—Brzca sólo sirve a su deseo de sangre.
—No es así. No es justo que digáis eso. Como cualquier otro redentor, Brzca podría haber elegido el trabajo de preparar acólitos para la defensa de la fe. O podría haber aprendido a dar sermones sobre el amor que profesa Dios al hombre pese a lo miserable que es éste y lo miserables que son todas sus obras: su visión es corrupta, sus gustos repugnantes, su cuerpo un vil traidor, todo en él es aburrido y banal... Sin embargo, Brzca ha elegido la vocación más ardua de todas: la tortura y muerte de sus congéneres. Nadie querrá comer a su mesa, nadie pasará el día con él ni rezará a su lado. En medio de esa desolación de miedo y odio, Brzca debe consagrarse no a los placeres ordinarios de la voz humana, sino a los gemidos del moribundo. Llega al patio en que se celebra el Acto de Fe delante de una asamblea de sus camaradas, que lo contemplan sólo con horror. Le entregan un hereje o un blasfemo. Él lo coge, tira de él, lo ata a una barra de madera y le levanta los brazos. Hay un horrible silencio en el que sólo se oyen los huesos que se quiebran y los gritos de la víctima. Lo desata. Lo extiende sobre el suelo y le clava un garfio afilado a través del cuerpo, desde el pecho al hueso púbico, para sacarle las entrañas ante sus propios ojos llorosos, y la boca tan abierta como la de un horno...

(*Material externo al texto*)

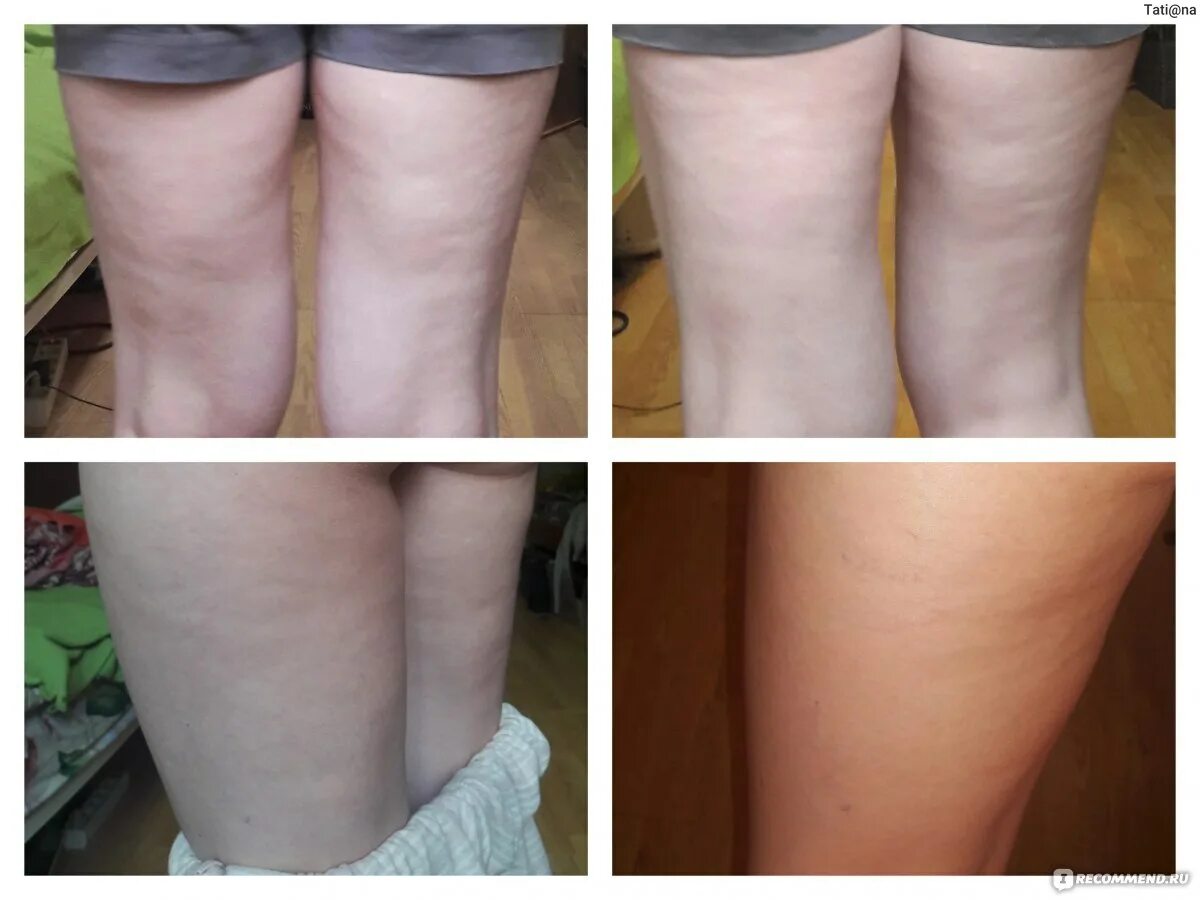 Медовое обёртывание от целлюлита. Обертывания от целлюлита до и после. Обертывание для похудения отзывы. Обертывания для похудения боков. Обертывание для похудения отзывы.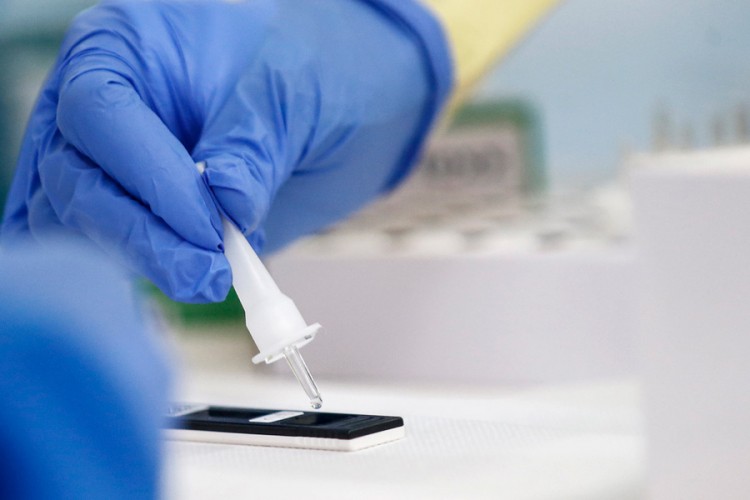 Razvili test pouzdaniji od PCR-a, u timu molekularni biolog iz Srbije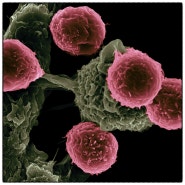 TP53유전자변이와 호르몬성 유방암의 예후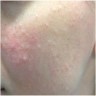 Multiple skin colored papules on the cheeks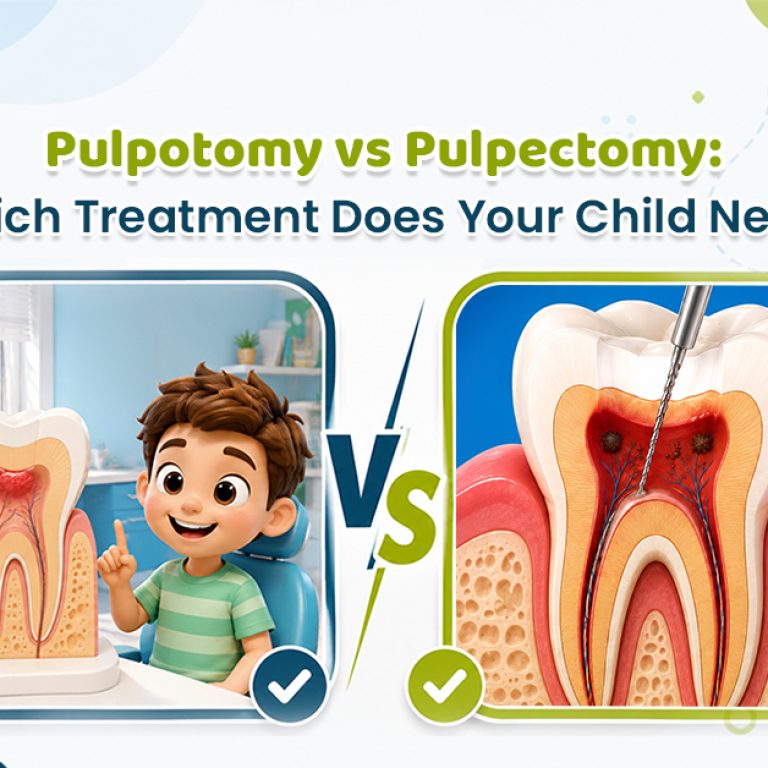 Pulpotomy vs Pulpectomy: Comparing Treatments for Children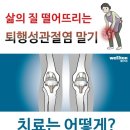 무릎인공관절수술 & 무릎 인공관절치환술 & 인공관절수술 & 인공관절수술잘하는 곳 /웰튼병원 /무릎인공관절수술 이미지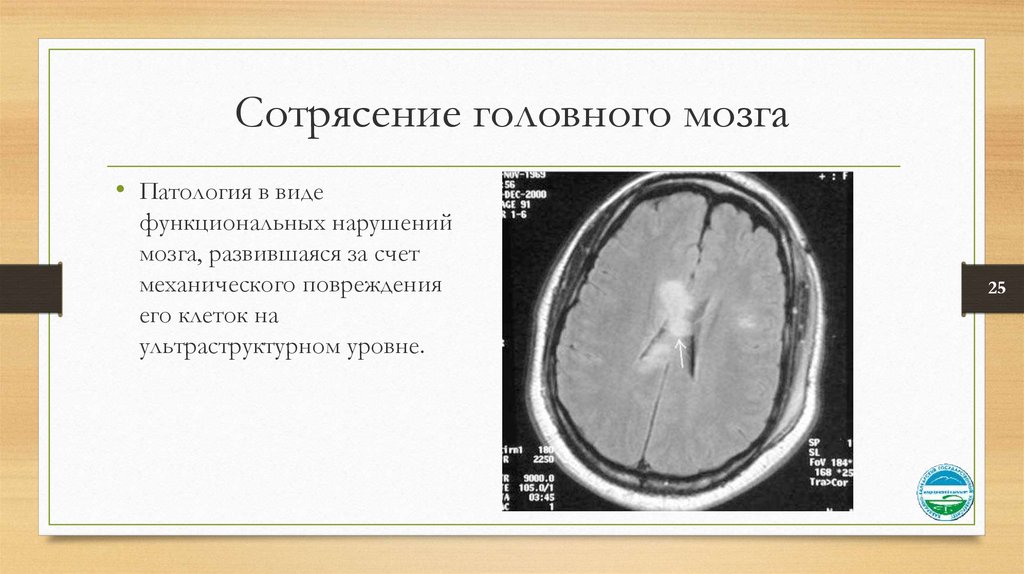 Сотрясение головного тяжести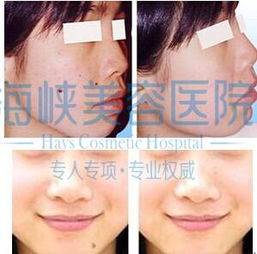 去痣前需要先算八字和做检查吗？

¿Y os sorprende que lo desprecien?
—No me sorprende lo más mínimo. Pero pese a todo ese odio, el verdugo es todo grandeza, todo fuerza. Suprimid al verdugo del mundo y en un instante el orden cederá ante el caos; la bondad y la camaradería y las buenas obras están indefensas ante el perverso oportunismo del malvado y el cruel, del apóstata y el blasfemo, que robarán a cada hombre su vida eterna en la felicidad. Decidme que Brzca no es un héroe y un santo.
Se miraron por un instante uno al otro.
—Quiero a Hooke.
—Ya os expliqué que eso no será posible.
—Tenéis que hacerlo posible. Los folcolares tienen nuevas armas. Y no las sacaron de debajo de una piedra. Necesitamos a Hooke.
—Todos somos vulnerables. Si desafiáramos en esto al Pontífice, tendrían la excusa que necesitan para enviarnos a la Congregación del Oficio de la Fe.
—Gant es el Peditus de la Congregación, ¿no es eso?
—El Peritus —le corrigió Bosco—. ¡Un peditus es otra cosa!
¡Ah!
—¿Qué queríais decir?
—¿Vendría Gant con la Congregación?
—Nada le impediría aprovechar esa oportunidad de tomar control sobre el Santuario.
—¿Gant podría someteros a un Acto de Fe?
—El deseo ha engendrado ese pensamiento, amigo mío. La respuesta es no. Pero se me podría desposeer de la dignidad de Camarlengo y de todo el poder que lleva aparejada.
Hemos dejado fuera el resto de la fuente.